The new Eagles, including bassist Timothy B. Schmit (who contributed to only one of the band's studio albums, 1979's The Long Run), played Los Angeles a few months after the brief chat with Azoff. "Stuff about the reunion was all over the TV all the time, and they were playing `Take It to the Limit' on the radio again," Meisner notes. "And I'm thinking, gee whiz, I wish they'd reunited with the guys who were actually in the group. And then they rerecorded all the old songs on that new CD, just to make sure that Bernie and I wouldn't get a penny of royalties from them."
This conspiracy theory aside, Meisner says he's happy with how things are going for him. He insists that he likes playing small venues because he can meet fans face-to-face, and that he doesn't mind lugging his own amp just like he did in days gone by. He's equally effusive about the music of Meisner, Rich and Swan, and asserts that it's only a matter of time before a record label will bring the configuration to a wider audience.

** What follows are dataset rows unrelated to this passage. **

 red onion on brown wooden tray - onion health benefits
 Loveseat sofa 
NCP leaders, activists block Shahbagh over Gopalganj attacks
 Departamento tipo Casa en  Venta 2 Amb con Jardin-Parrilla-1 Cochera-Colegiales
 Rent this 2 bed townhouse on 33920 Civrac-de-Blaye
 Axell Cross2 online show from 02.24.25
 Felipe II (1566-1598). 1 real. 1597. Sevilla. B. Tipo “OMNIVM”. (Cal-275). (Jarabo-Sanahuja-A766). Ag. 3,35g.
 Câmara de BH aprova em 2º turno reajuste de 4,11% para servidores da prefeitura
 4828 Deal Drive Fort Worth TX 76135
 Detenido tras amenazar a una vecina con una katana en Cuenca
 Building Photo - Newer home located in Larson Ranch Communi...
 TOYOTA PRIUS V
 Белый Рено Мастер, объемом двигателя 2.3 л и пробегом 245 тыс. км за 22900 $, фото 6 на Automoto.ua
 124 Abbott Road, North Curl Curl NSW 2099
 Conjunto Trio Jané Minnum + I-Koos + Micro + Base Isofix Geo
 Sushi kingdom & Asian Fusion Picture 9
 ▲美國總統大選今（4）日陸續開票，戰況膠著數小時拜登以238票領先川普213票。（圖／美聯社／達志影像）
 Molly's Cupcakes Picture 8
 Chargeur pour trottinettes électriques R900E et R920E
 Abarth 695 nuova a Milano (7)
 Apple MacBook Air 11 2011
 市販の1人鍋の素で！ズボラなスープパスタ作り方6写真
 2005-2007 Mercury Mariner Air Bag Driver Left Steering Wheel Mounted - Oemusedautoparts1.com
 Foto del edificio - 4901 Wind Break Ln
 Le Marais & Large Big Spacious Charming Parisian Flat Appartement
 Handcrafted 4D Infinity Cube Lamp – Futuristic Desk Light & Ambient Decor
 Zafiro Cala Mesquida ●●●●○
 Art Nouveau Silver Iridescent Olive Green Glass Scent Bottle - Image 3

He even allows that the Eagles reunion might bring him a few extra dollars as a result of listeners intrigued by Hell Freezes Over dropping by their CD store and picking up copies of discs Meisner does play on.
Meisner is certain that the original Eagles albums are far better than Hell simply because they arose from creative, rather than financial, motives. "This whole reunion is about money," he says. "I watched that MTV thing, and none of them looked like they were having any fun at all. They just seemed to be going through the motions. Like, `Oh, I guess I can play a couple more songs, because each song means this much more money to me.'"
But when Meisner is asked how much he could have made if he, too, had been invited to the party, he suddenly sounds wistful. "Millions," he mutters. "Millions."